- [WORK TO BE COMPLETED]: Starting with the line that has "Active With Contract: $69,000" and finishing with the line that has "Gece Takibi_poster", set down each line below exactly. Pictures are not copied.

- [MATERIAL FOR THIS EXERCISE]:
BEGIN

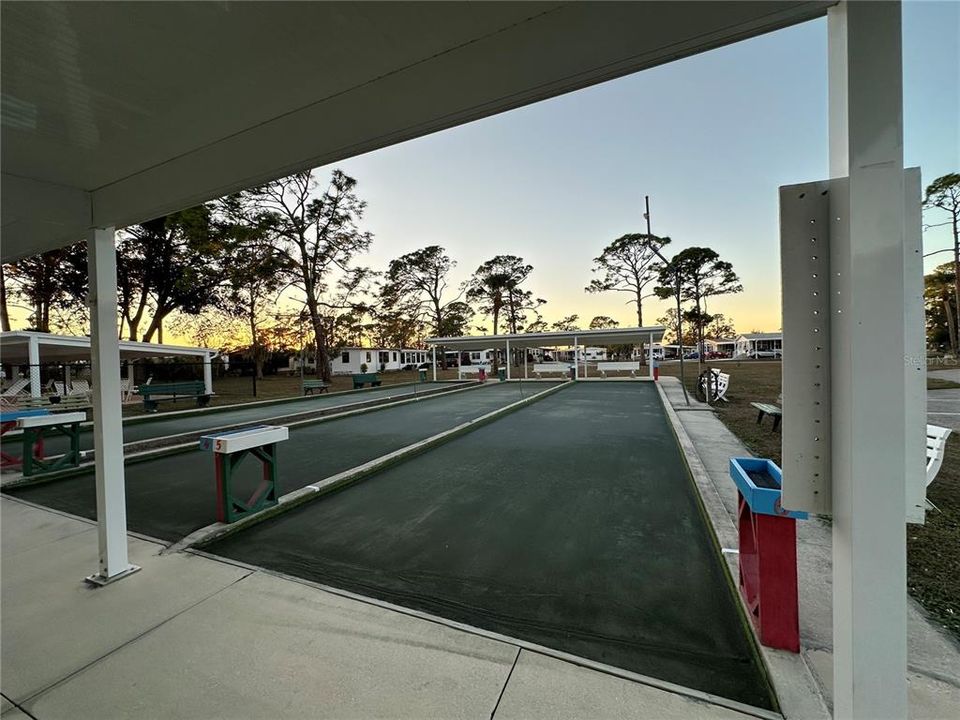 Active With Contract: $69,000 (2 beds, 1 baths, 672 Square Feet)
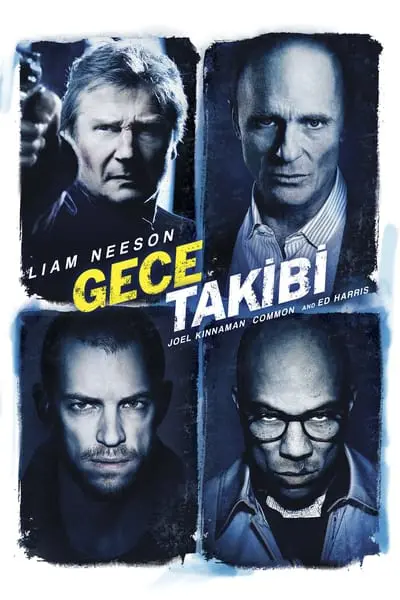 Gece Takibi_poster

END
BEGIN

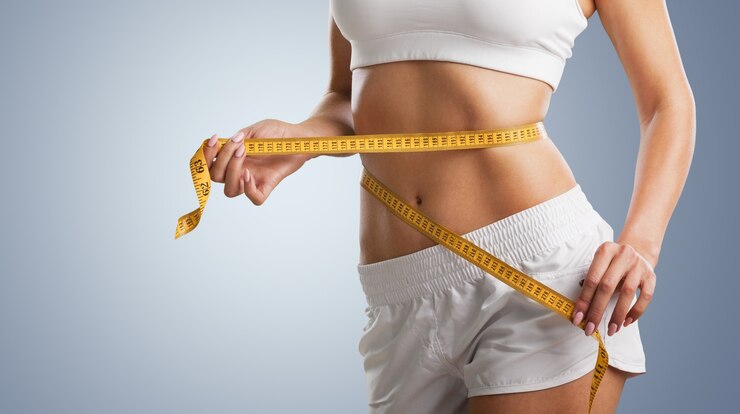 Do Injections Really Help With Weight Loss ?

END

- [RESPONSE]:
 Active With Contract: $69,000 (2 beds, 1 baths, 672 Square Feet)
 Gece Takibi_poster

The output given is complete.